[Haskell-cafe] (...) Random generators

Bardur Arantsson spam at scientician.net
Fri Dec 30 19:47:18 CET 2011


On 12/30/2011 04:38 PM, Jerzy Karczmarczuk wrote:
 > Bardur Arantsson:
 >> Random streams are not referentially transparent, though, AFAICT...?
 >>
 >> Either way this thread has gone on long enough, let's not prolong it
 >> needlessly with this side discussion.
 >
 > Sure.
 > But the discussion on randomness is /per se/ interesting, especially in
 > a functional setting.
 >
 > Anyway, nobody can convince Steve Horne. Perhaps as an "unintentional"
 > side-effect...
 >
 > But random streams, or rather pseudo-random streals (infinite lazy
 > lists, as the example I gave, the `iterate` of `next`) are as
 > referentially transparent as any Haskell data. Really.
 >

Of course -- if you just have a starting seed and the rest of the 
sequence is known from there.

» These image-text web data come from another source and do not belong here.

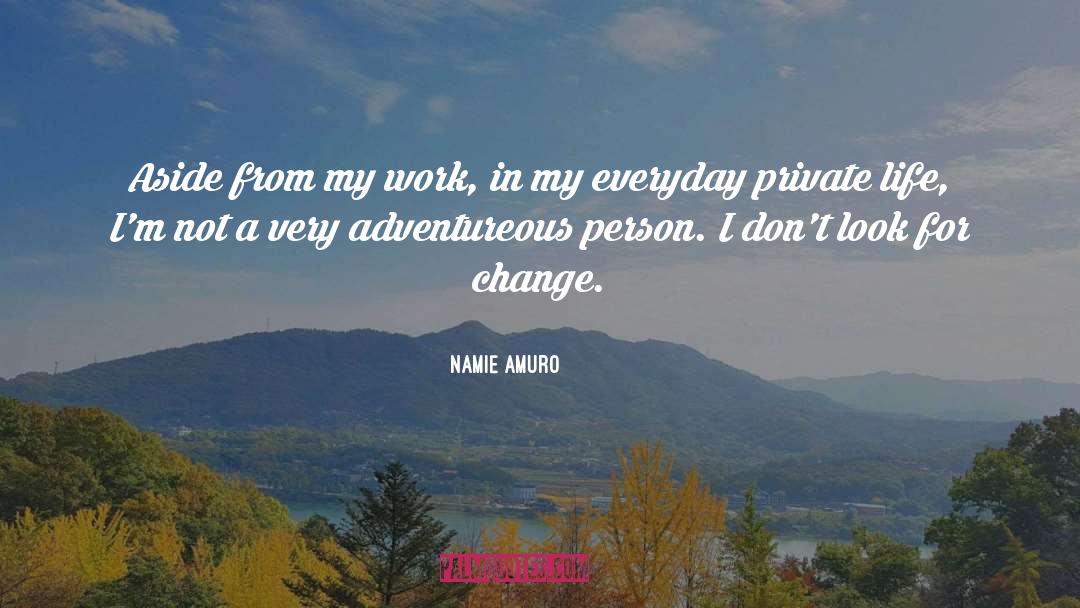 Change Life quotes by Namie Amuro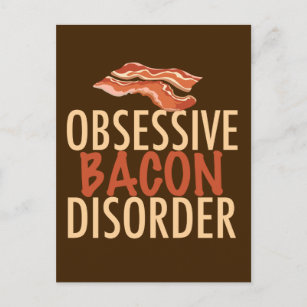 Funny Obsessive Bacon Disease Postkarte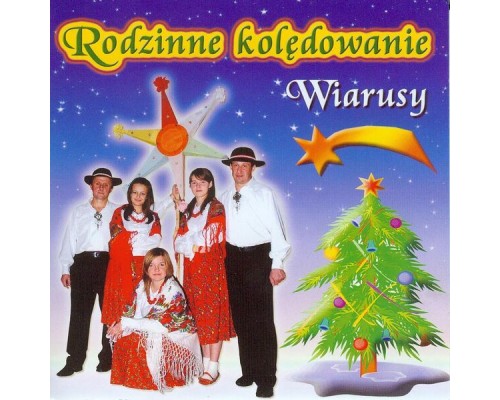 Wiarusy, Traditional - Rodzinne kolędowanie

I was thinking of e.g. those "periodic 
re-initialization" ways of doing RNG.

 > I *NEVER* used
 > "true" random numbers, even to initialize a generator, since in the
 > simulation business it is essential that you can repeat the sequence on
 > some other platform, with some other parameters, etc.
 >

I've heard this a lot from physicists -- of course if you run a 
simulation reproducibility can be extremely important (e.g. for 
double-checking computations across different machines). However, if 
you're doing crypto it may not be so desirable :).

Anyway, I'm out of this thread too :).